Analysis of singularities of area minimizing currents, Part I: planar frequency, branch points of rapid decay, and weak locally uniform approximation
Abstract
This is the first paper in a series developing a new framework for $n$-dimensional area-minimizing rectifiable currents $T$ of codim. $\geq 2$.
Our approach relies on an intrinsic frequency function for $T$, the \emph{planar frequency}, introduced in the present paper.

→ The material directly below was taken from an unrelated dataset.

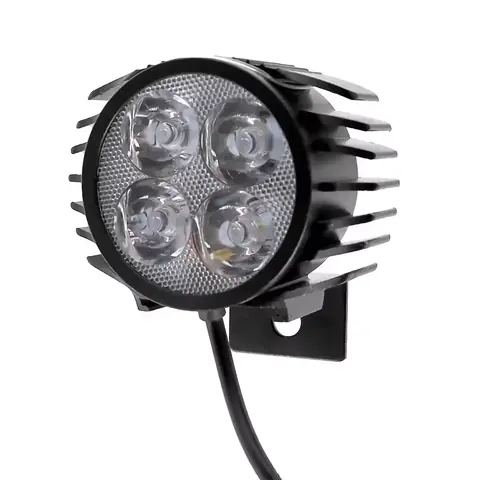 Far LED pentru trotinete și biciclete, vedere frontală, lumină diferită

We establish that planar frequency satisfies an approximate monotonicity property, and takes values $\leq 1$ on cones.
These properties imply a \emph{decomposition theorem} for the singular set, which (roughly speaking) asserts the following: for any integer $q \geq 2$, the set of density $q$ singularities decomposes as ${\rm sing}_{q} \, T = {\mathcal S} \cup {\mathcal B}$ for disjoint sets ${\mathcal S}$ and ${\mathcal B}$, where: (I) each point $Z \in {\mathcal S}$ has a neighbourhood ${\mathbf B}_{\rho_{Z}}(Z)$ such that about any point $Z^{\prime} \in {\mathbf B}_{\rho_{Z}}(Z) \cap {\rm spt} \, T$ with density $\geq q$ and at any scale $\rho^{\prime} < \rho_{Z}$, $T$ is significantly closer to some non-planar cone than to any plane, and (II) ${\mathcal B}$ is relatively closed in ${\rm sing}_{q} \, T$ and $T$ satisfies a locally uniform estimate along ${\mathcal B}$ implying decay to a unique tangent plane at a rate $o(\rho^{1 + \alpha})$ as the scale $\rho \to 0$, where $\alpha$ is a locally uniform constant.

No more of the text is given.